Review of the inflammatory process
Numerous events will happen within a short time of an injury occurring, which should result in a great number of cell types entering the wound. Early inflammation (in the first 24 hours) begins with haemostasis, a process in which platelets play a key role.
Once haemostasis is achieved, late inflammation (24 to 96 hours after the injury) involves the release of vasodilatory agents, such as histamine and serotonin, which increase the permeability of the local capillary bed. This allows serum and white cells, such as neutrophils and macrophages, to be released into the area surrounding the wound.

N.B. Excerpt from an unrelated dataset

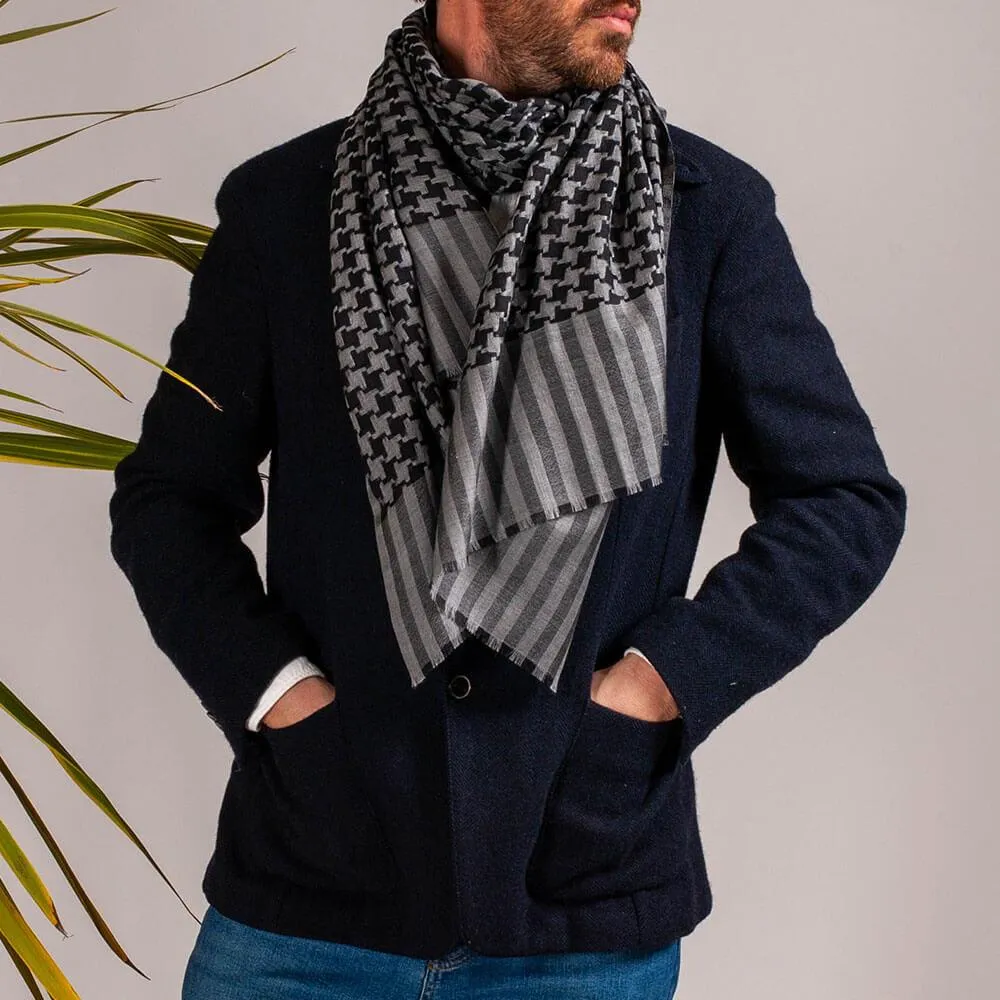 Shaftesbury Houndstooth Wool and Silk Scarf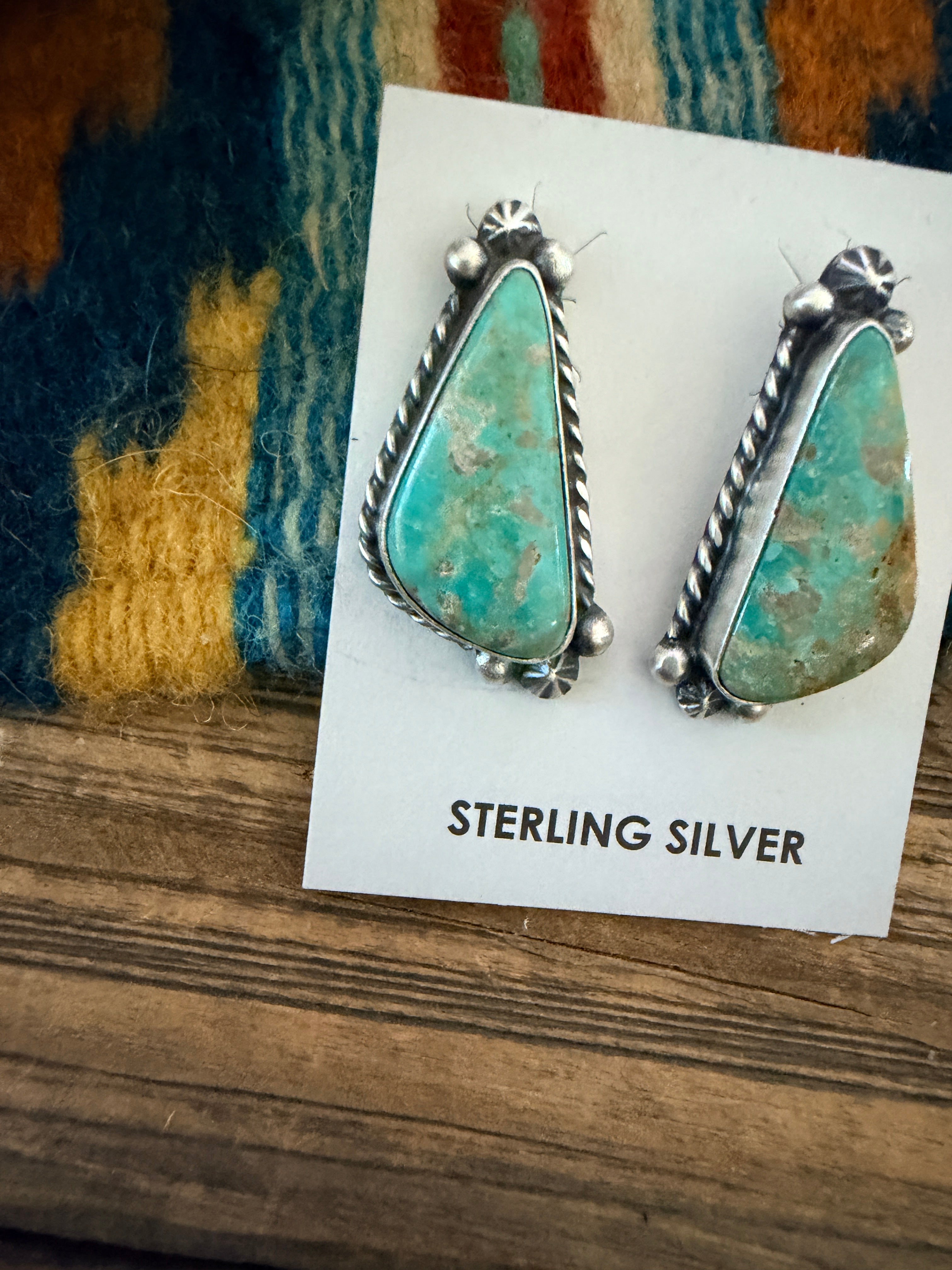 Handcrafted Turquoise & Sterling Silver Post Earrings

The transition from early to late inflammation depends on the replacement of neutrophils by lymphocytes and monocytes that have become activated. Macrophages continue the phagocytic role of neutrophils and have also been identified as playing an important role in the transition from the inflammatory phase to the regenerative/proliferative phase of wound healing. In total, the inflammatory phase of wound healing is thought to last for five days (Calvin, 1998).

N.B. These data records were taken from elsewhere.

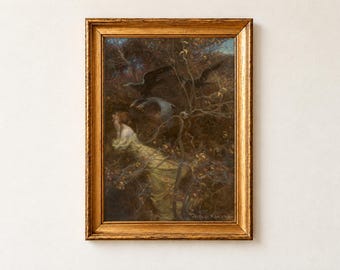 The Haunted Wood Print, Arthur Rackham 1913 Enchanted Forest Wall Art, Folk Horror Painting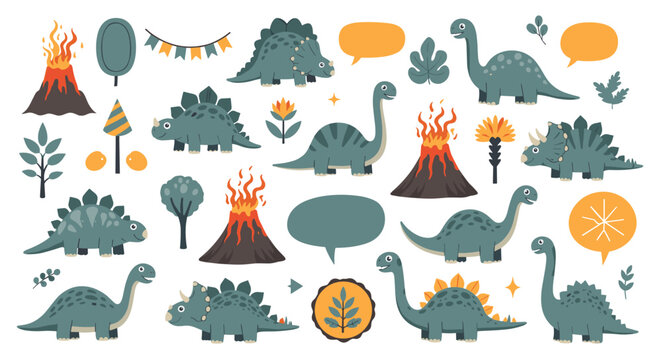 Prehistoric adventure collection featuring different dinosaur types like triceratops and stegosaurus with erupting volcanoes and forest trees.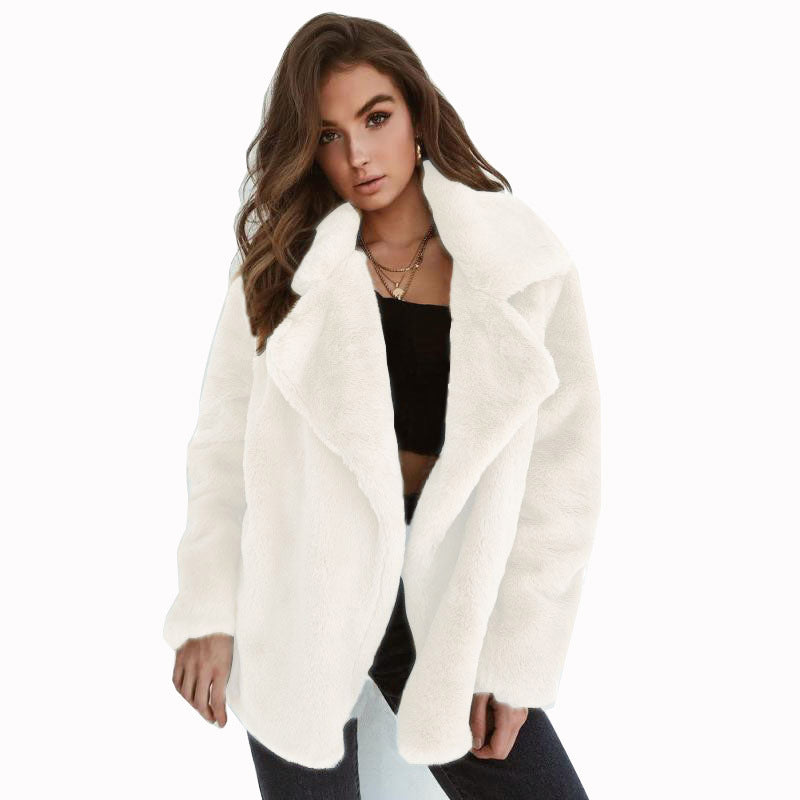 Dame Fake fur-frakker Med Teddylook | Varme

Pathophysiological explanation of the ‘classic signs’ of inflammation
Following injury and endothelial damage, there is an initial vasoconstriction around the wound site followed by a rapid dilation of the arterioles and precapillary sphincters (cuffs of smooth muscle that regulate the flow of blood into the capillaries), resulting in reduced vascular resistance (Herbert, 1997).
A number of chemical mediators are released, which help to stimulate dilation and therefore increase capillary permeability and cellular migration. These include: histamine, prostaglandins (released from mast cells), bradykinin (released from damaged epithelial cells) and nitric oxide.
As a result of the increased blood flow - causing the classic signs of heat and redness (hyperaemia) - there is an increase in capillary hydrostatic pressure. This reduces the effectiveness of the normal blood osmotic pressure and increases the permeability of the capillaries. The increased permeability leads to protein-rich fluid leaking into the interstitial tissue spaces.
As fluid moves out of the capillaries the viscosity of the blood increases, slowing down blood flow. As the blood flow slows down, red blood cells clump together forcing white cells to move towards the endothelium of the vessels resulting in swelling and pain.
There is an increased demand for oxygen and nutrients in the damaged area. This raises the patient’s metabolic rate, which leads to an increased ‘core’ temperature. Clinically the patient may experience pyrexia. Additional platelet activity (the clotting mechanism involves the conversion of protein fibrinogen into insoluble fibrin forming a haemostatic plug) is mediated by the further release of substances that stimulate the synthesis of extracellular matrix (ECM) components.
In addition, growth factors released from activated platelets during coagulation regulate the recruitment of cells into the wound site and neutrophils infiltrate the wound. Normally neutrophil infiltration only lasts a few days but will be prolonged in contaminated wounds (Calvin, 1998; Cox, 1993; Krasner, 1990).
All practitioners should understand the role of inflammation and the inflammatory response in wound healing. This will enable them to assess when the process is not progressing as anticipated.